» Exercise
Nothing may be left out of the listing below but its images; repeat the rest exactly.

» Dataset content

··········

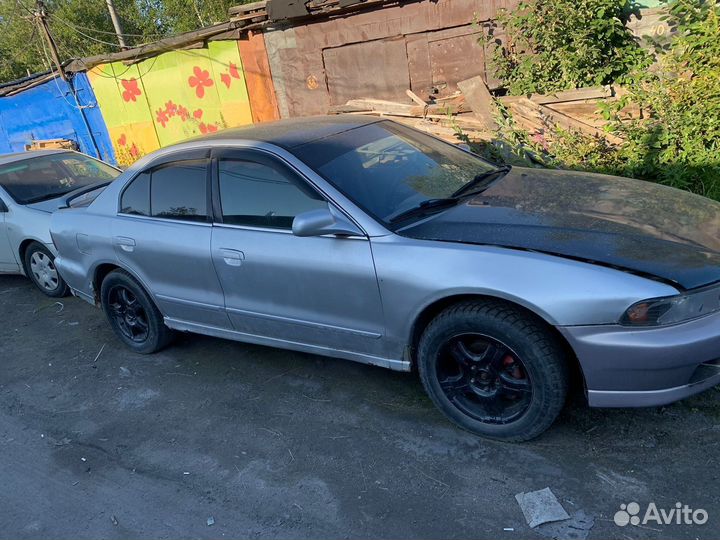 Mitsubishi Galant 2.4 AT, 2002, битый, 260 000 км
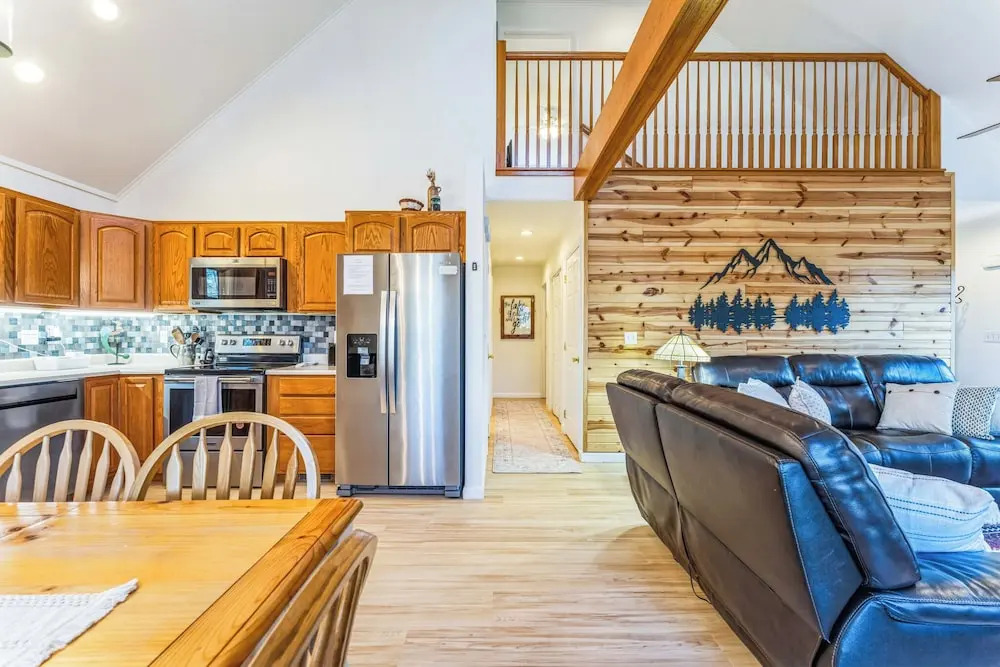 'the Eagles Nest at Alpine' Cabin w/ Fireplace!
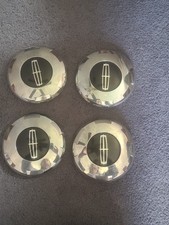 Set Of Four Lincoln 2003 2005 Navigator Hub Caps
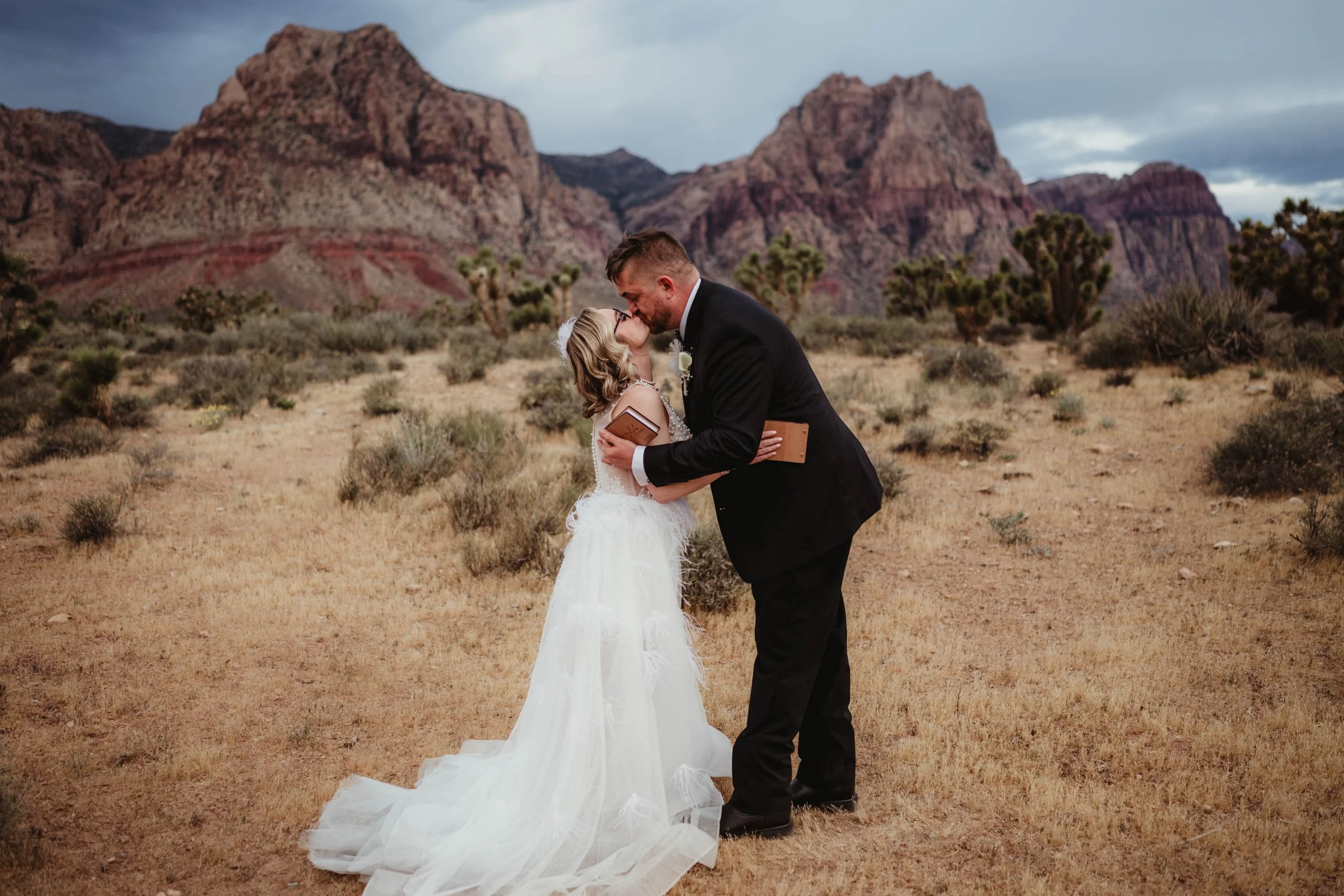 Red Rock Canyon Elopement Las Vegas Wedding and Elopement Photographer-4.jpg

··········

» Output
 Mitsubishi Galant 2.4 AT, 2002, битый, 260 000 км
 'the Eagles Nest at Alpine' Cabin w/ Fireplace!
 Set Of Four Lincoln 2003 2005 Navigator Hub Caps
 Red Rock Canyon Elopement Las Vegas Wedding and Elopement Photographer-4.jpg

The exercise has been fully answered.